Sinkholes is a depression in the ground caused by the collapse of the surface layer often forming in areas with soluble bedrock such as limestone dolomite or gypsum. This phenomenon poses notable dangers to the environment and any structures constructed above them. The current study aims to comprehend the behavior of an isolated footing carrying a load and built on soil containing void. An analytical study was conducted on the failure mechanism of an isolated footing positioned over void soils. The ability of an analytical model to accurately predict system behavior evaluated, through verification analysis of existing research. The analysis was conducted using finite element software (PLAXIS 2D) utilizing an elastic perfectly plastic soil model.
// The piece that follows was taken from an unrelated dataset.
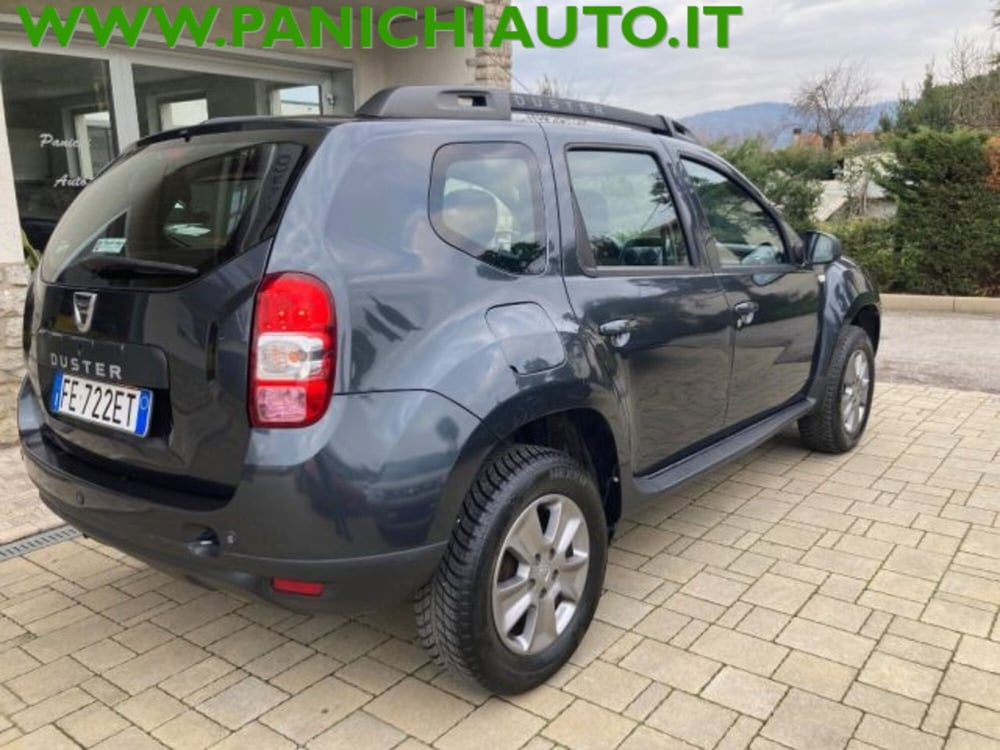 Dacia Duster usata a Arezzo (6)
In the present study, the impact of sinkhole the depth, location, and size of voids causing sinkholes on the stability of the footing is being examined. The findings indicate that as the size of the void increases, the load intensity decreases and when the depth of the void above the footing increases, the load intensity increases. However, when the depth of the void to the width of the footing ratio is 3.5, the void has no more impact on the footing's stability. Similarly, regarding the void's location effect on the footing's stability, the location can indeed affect it. With an increasing horizontal distance between the void and the foundation's centerline, the load-carrying capacity also increases. However, when the ratio of the horizontal distance from the void to the footing's centerline to the width of the footing is 2.5 or greater, there is no significant decrease in load intensity capacity. The current research focuses solely on circular voids despite the fact that voids can also take irregular shapes. The study also only takes into account isolated footings and normal loading systems. Further research is necessary to comprehensively comprehend sinkhole behavior and their impact on different structures, and to explore ways to minimize these effects.